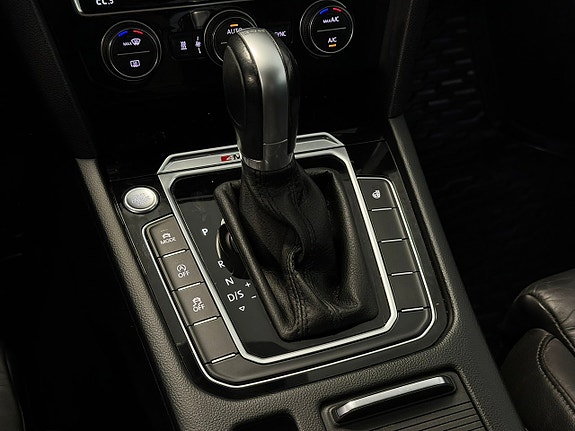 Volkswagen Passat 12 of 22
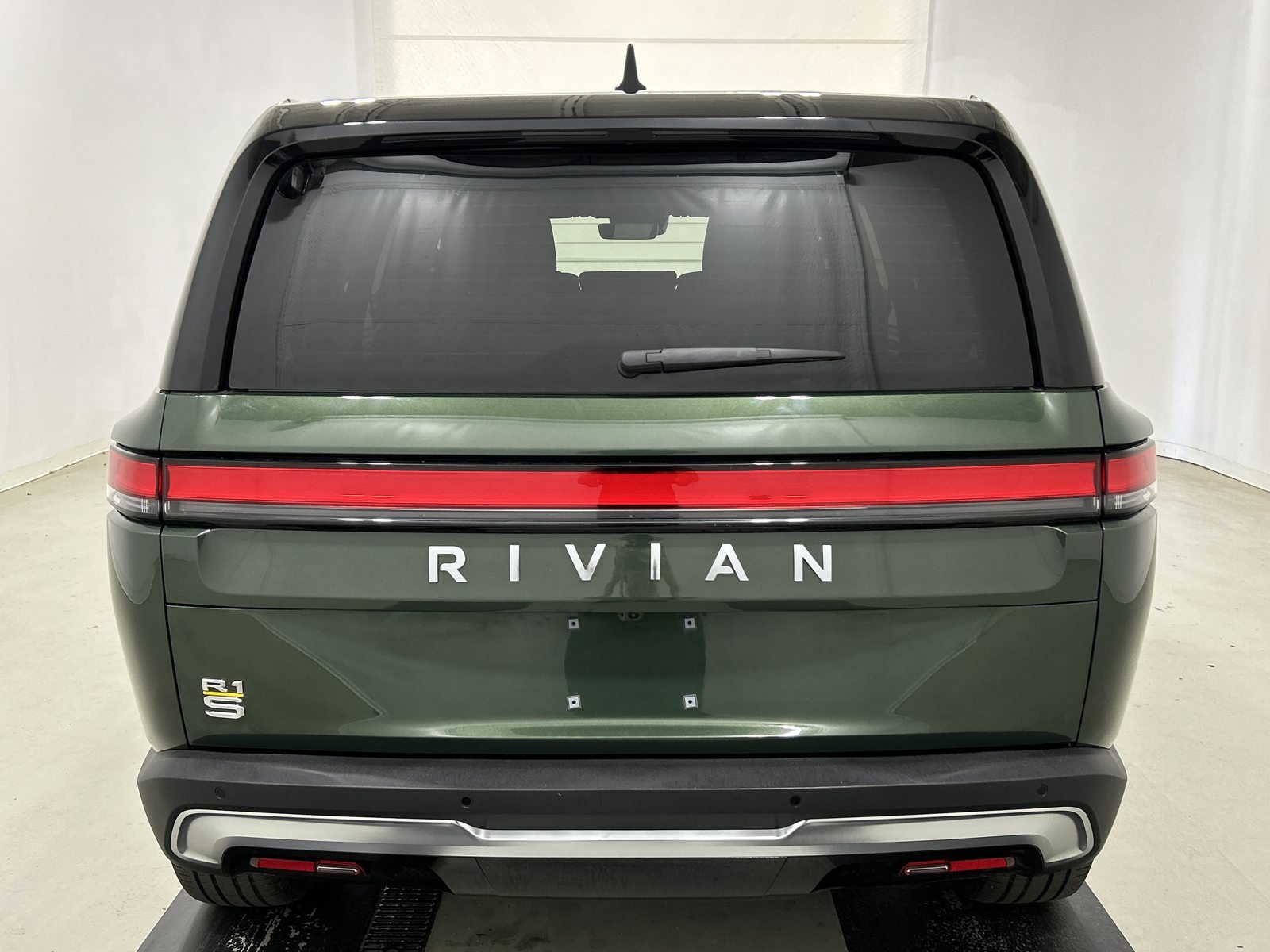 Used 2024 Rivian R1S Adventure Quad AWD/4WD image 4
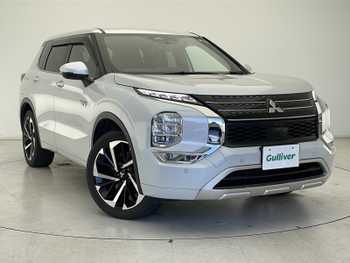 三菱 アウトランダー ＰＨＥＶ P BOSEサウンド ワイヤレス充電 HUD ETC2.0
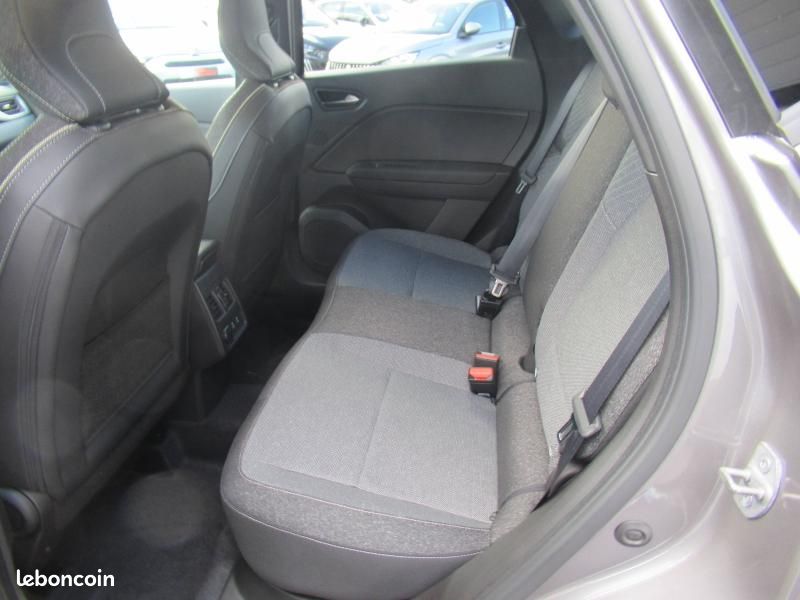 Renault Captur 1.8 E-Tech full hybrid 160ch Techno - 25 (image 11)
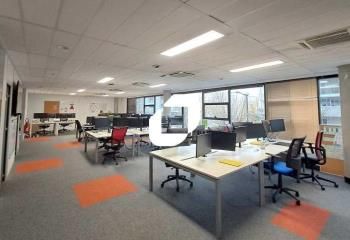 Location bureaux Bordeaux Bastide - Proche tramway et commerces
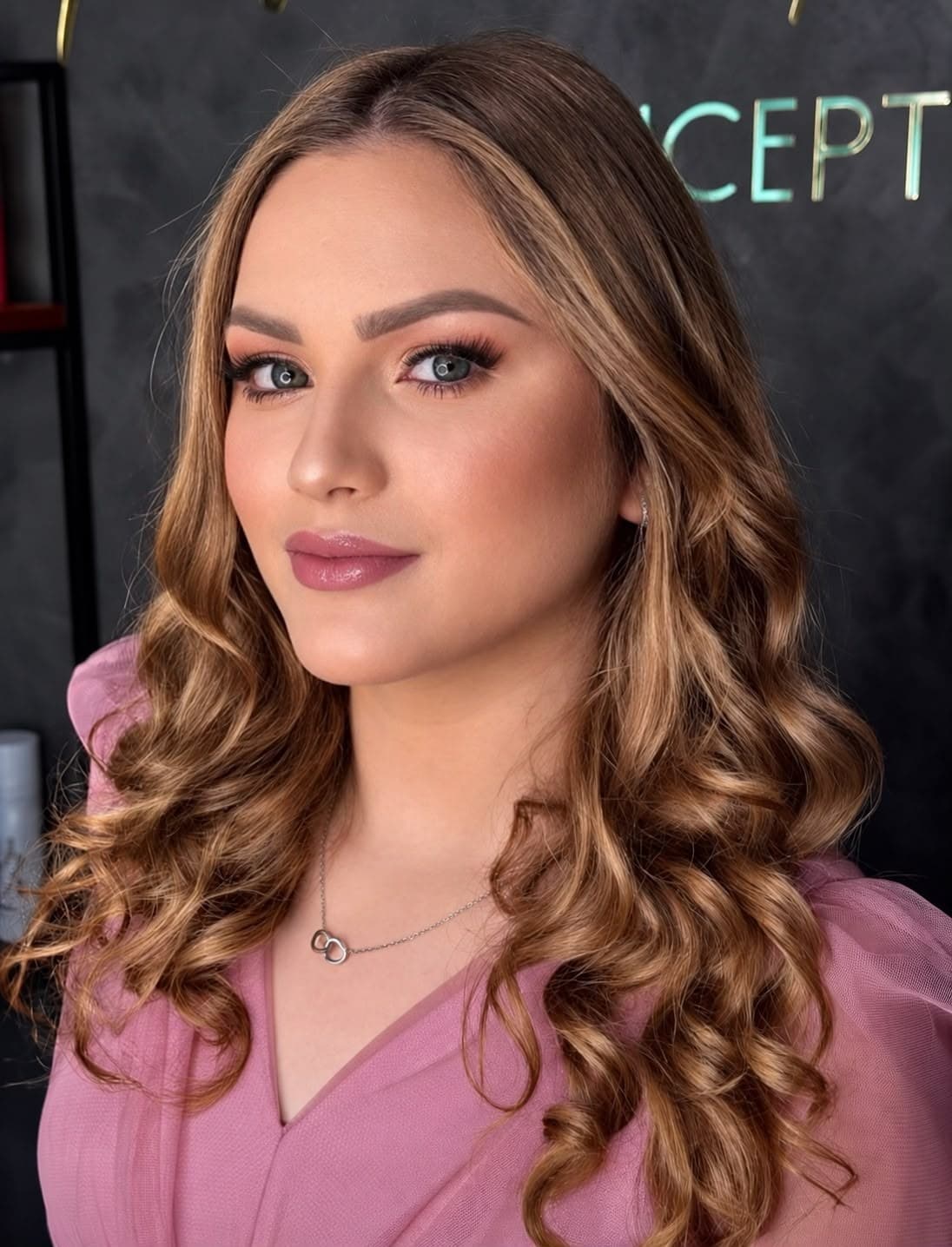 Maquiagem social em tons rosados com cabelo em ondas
---
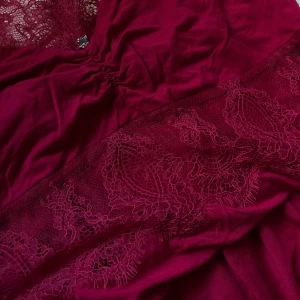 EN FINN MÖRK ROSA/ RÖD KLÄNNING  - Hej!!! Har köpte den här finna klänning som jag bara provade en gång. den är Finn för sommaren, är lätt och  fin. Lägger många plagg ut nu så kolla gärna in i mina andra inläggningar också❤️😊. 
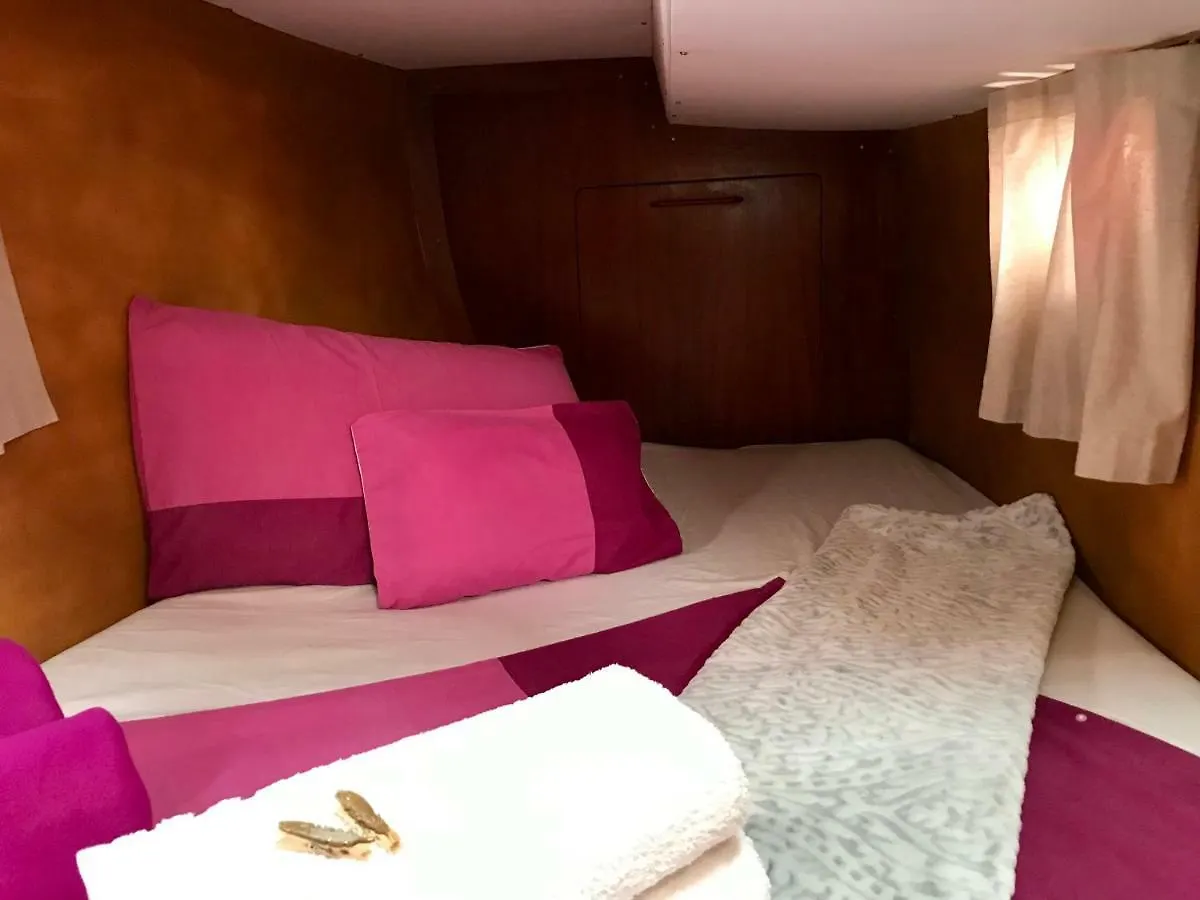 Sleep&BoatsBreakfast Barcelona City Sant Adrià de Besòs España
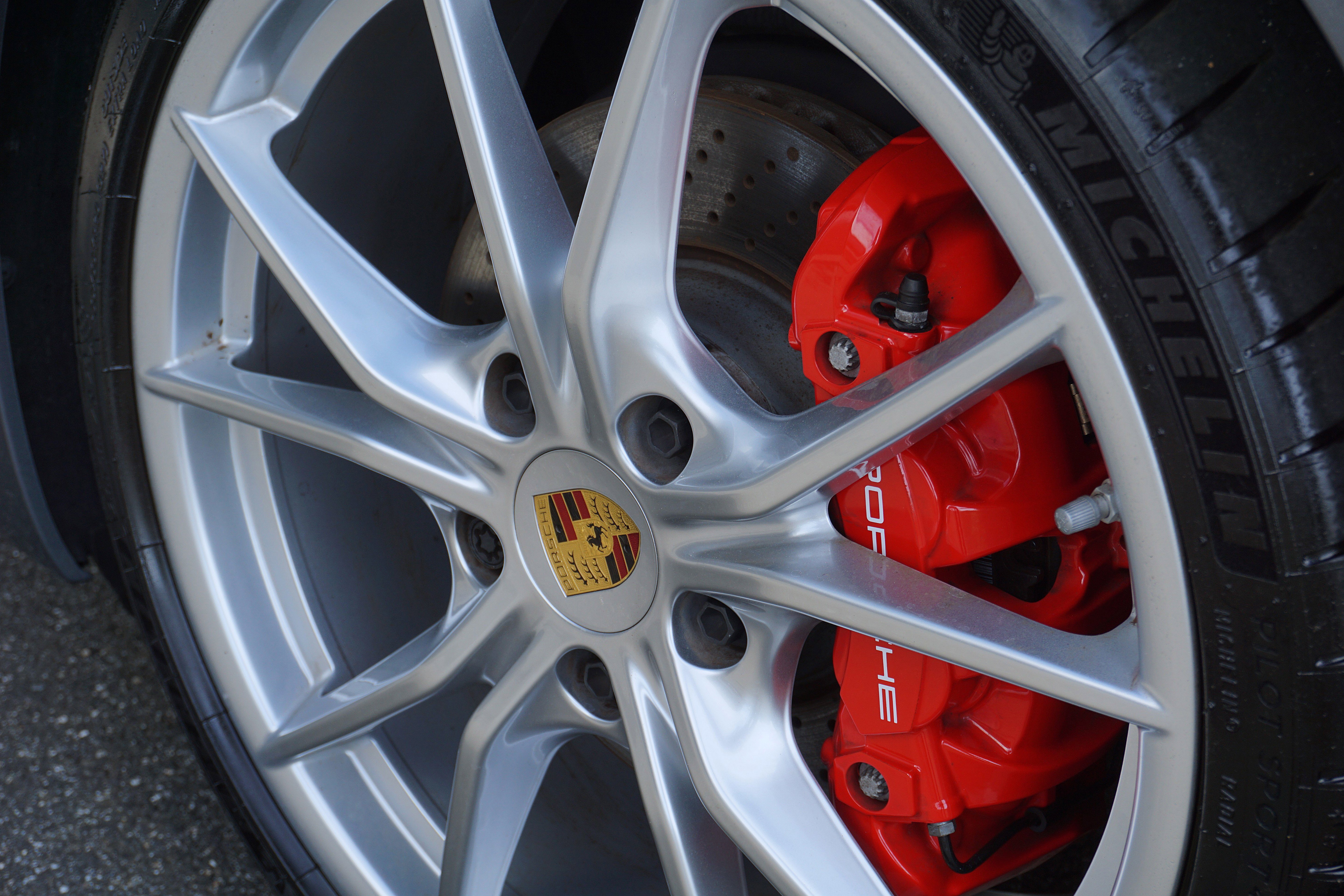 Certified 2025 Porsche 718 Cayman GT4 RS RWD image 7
...
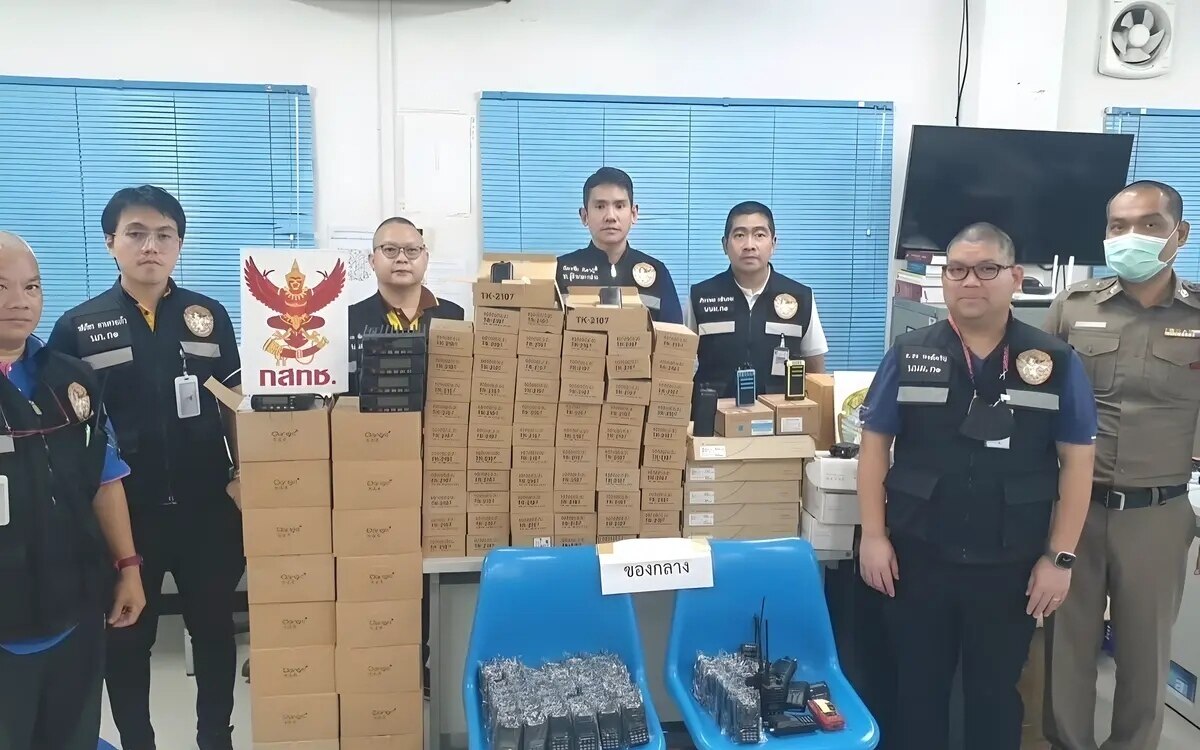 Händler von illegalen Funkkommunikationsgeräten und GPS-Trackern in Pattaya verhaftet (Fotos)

*Exercise description*
For this exercise, set down the lines in the entries above from the one with "Used 2024 Rivian" through the one with "Maquiagem social em" exactly as written, without any pictures.

*Exercise answer*
 Used 2024 Rivian R1S Adventure Quad AWD/4WD image 4
 三菱 アウトランダー ＰＨＥＶ P BOSEサウンド ワイヤレス充電 HUD ETC2.0
 Renault Captur 1.8 E-Tech full hybrid 160ch Techno - 25 (image 11)
 Location bureaux Bordeaux Bastide - Proche tramway et commerces
 Maquiagem social em tons rosados com cabelo em ondas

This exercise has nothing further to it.